RECORD EXTRACTS:
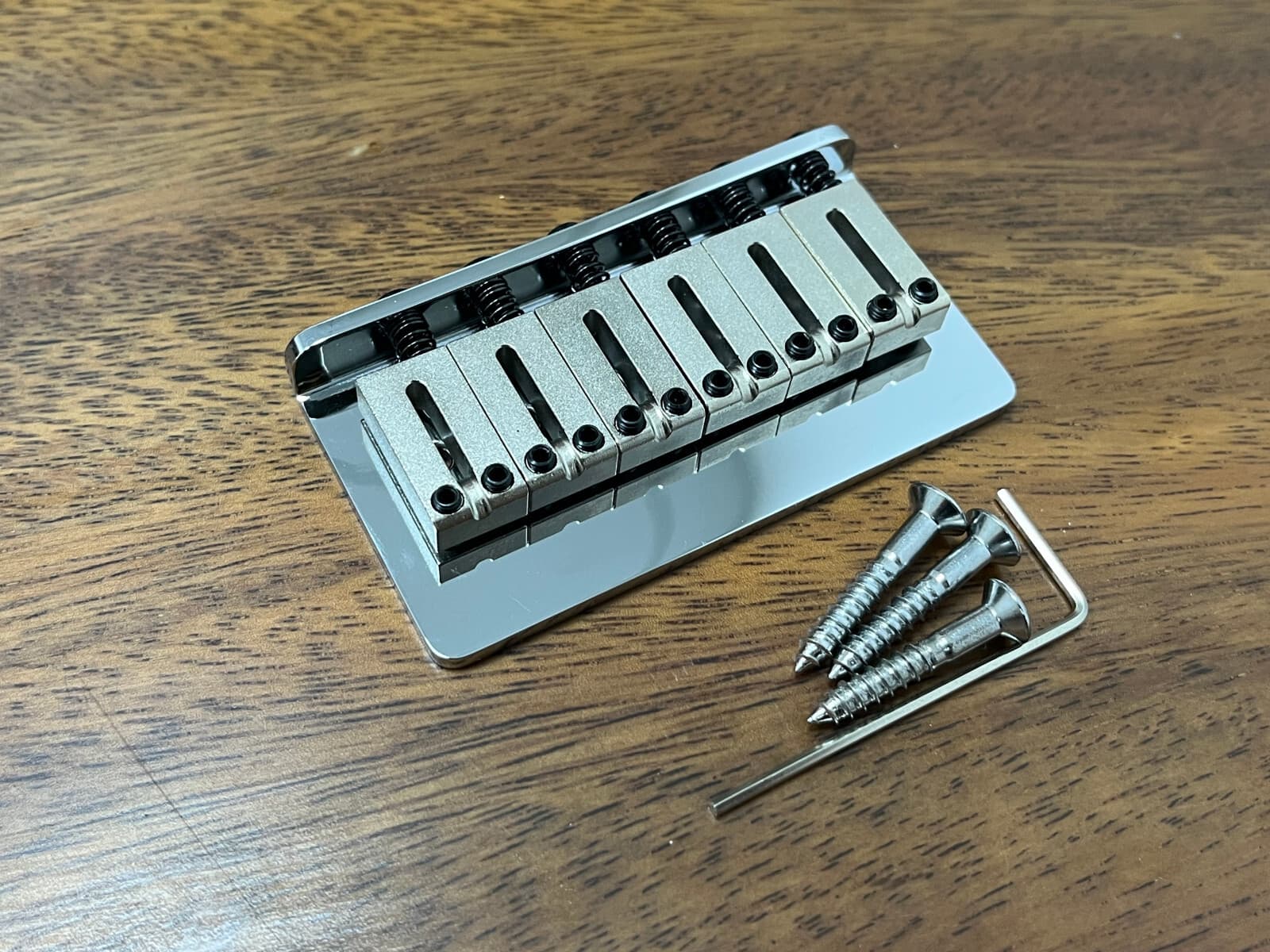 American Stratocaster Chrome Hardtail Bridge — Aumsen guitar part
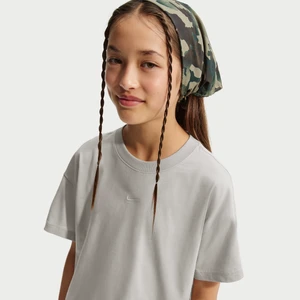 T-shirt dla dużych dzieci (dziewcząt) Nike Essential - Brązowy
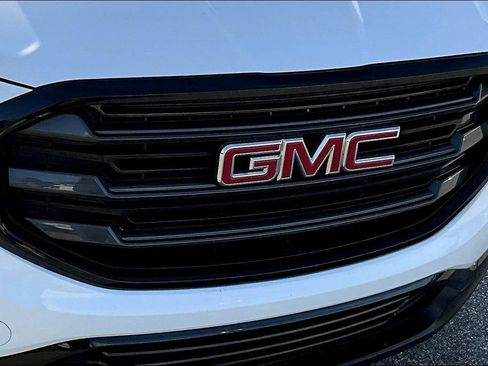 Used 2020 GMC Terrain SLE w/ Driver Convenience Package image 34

...

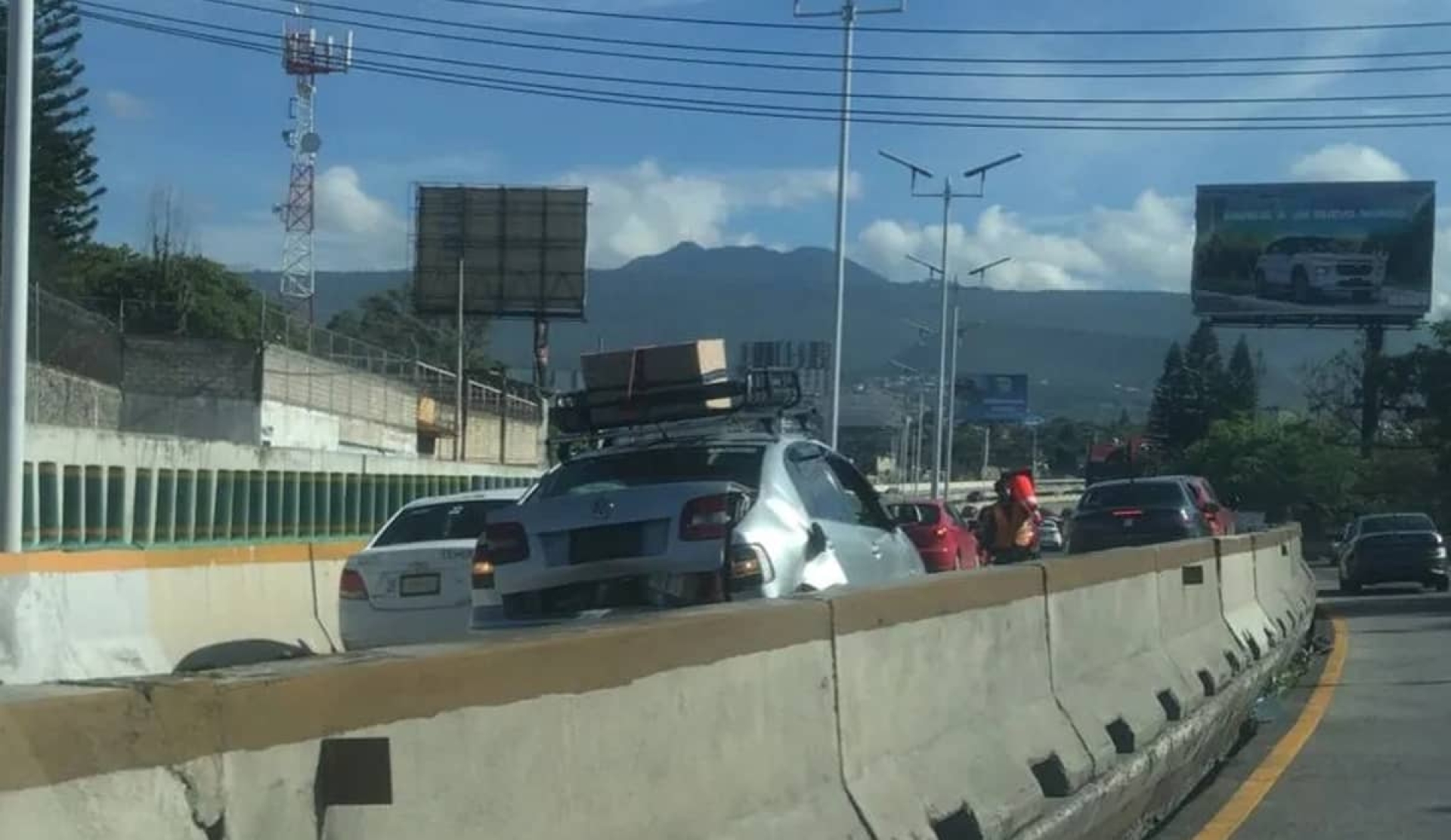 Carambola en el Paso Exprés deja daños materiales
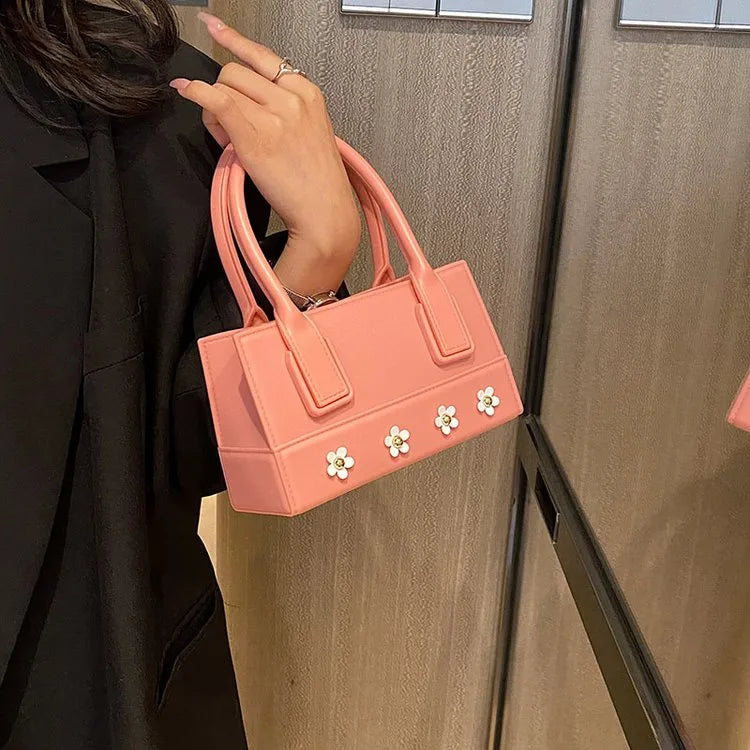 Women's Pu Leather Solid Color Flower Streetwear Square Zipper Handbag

--

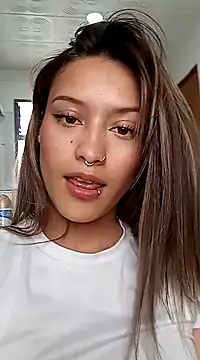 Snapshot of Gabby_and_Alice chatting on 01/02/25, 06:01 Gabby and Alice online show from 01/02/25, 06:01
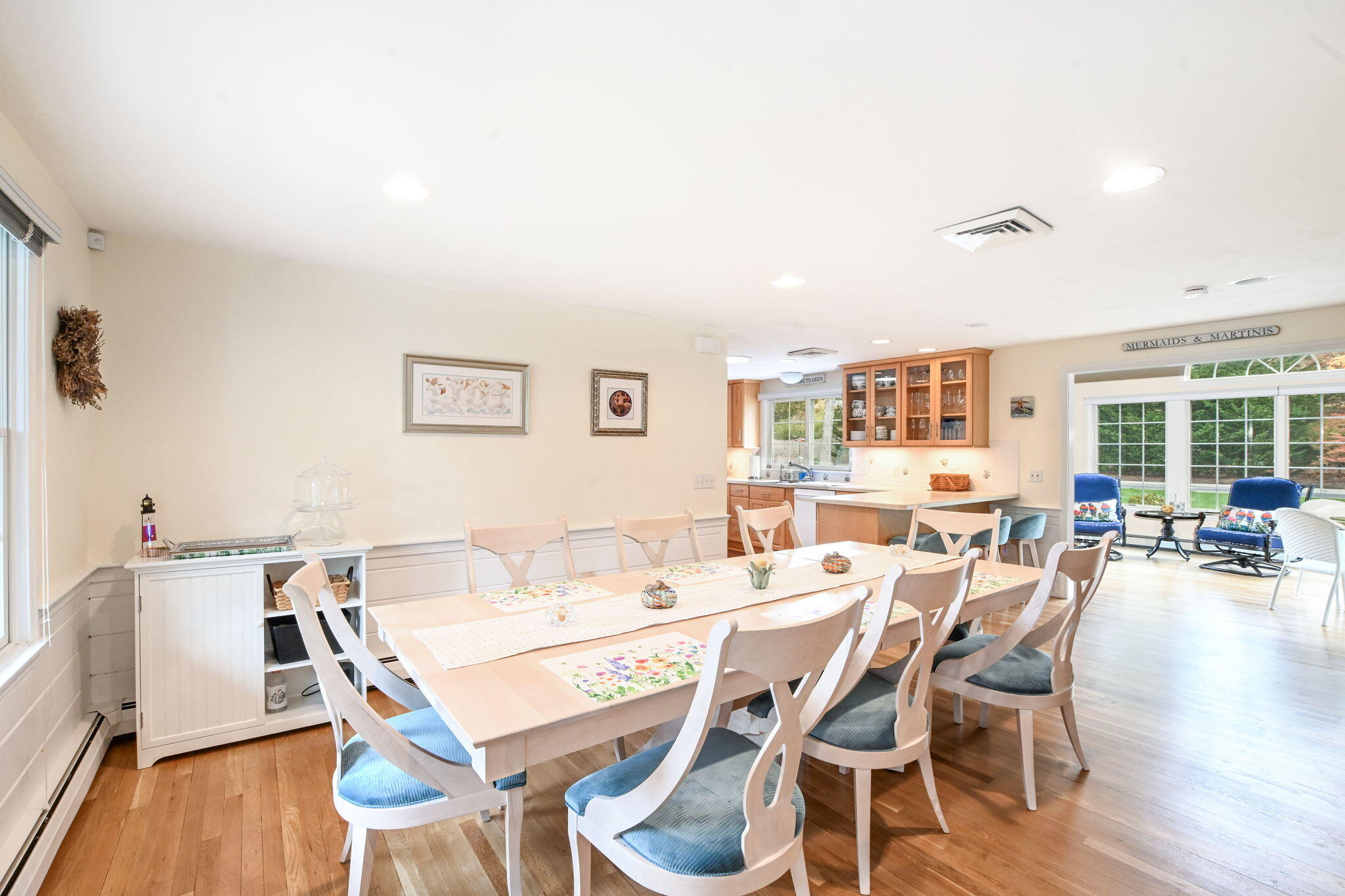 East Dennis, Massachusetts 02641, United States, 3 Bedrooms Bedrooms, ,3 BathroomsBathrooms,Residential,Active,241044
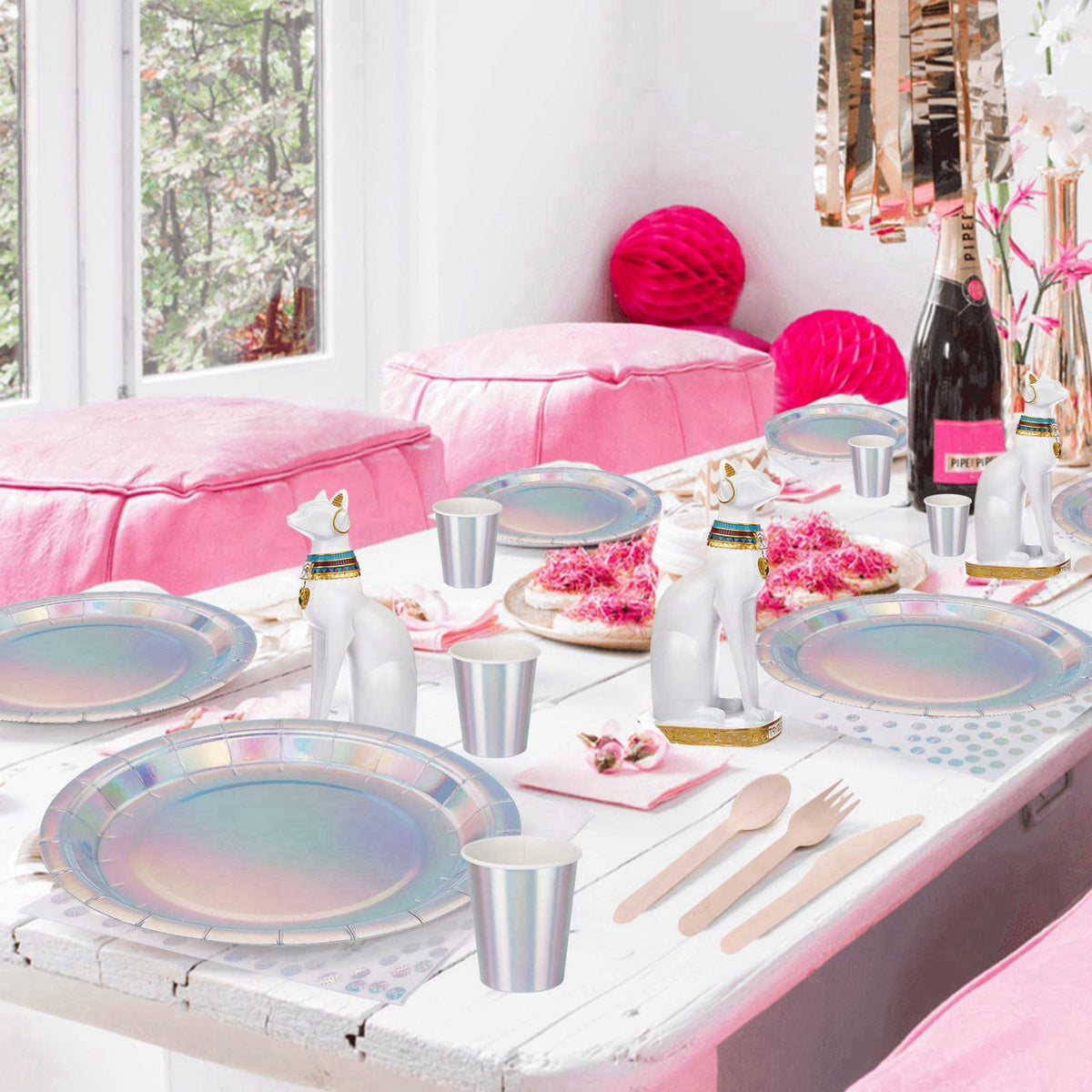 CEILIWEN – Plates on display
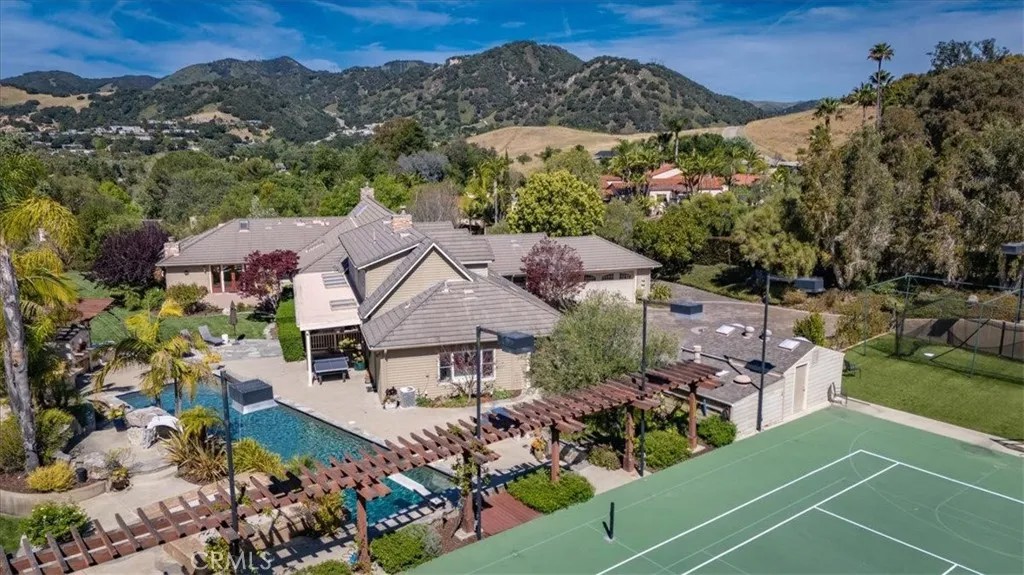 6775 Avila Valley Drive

WORK INSTRUCTION: Because only one stretch of the records is wanted, please output the lines from the one holding "Carambola en el" through the one holding "Women's Pu Leather" exactly, both included, and leave every picture out.

FINISHED EXERCISE:
 Carambola en el Paso Exprés deja daños materiales
 Women's Pu Leather Solid Color Flower Streetwear Square Zipper Handbag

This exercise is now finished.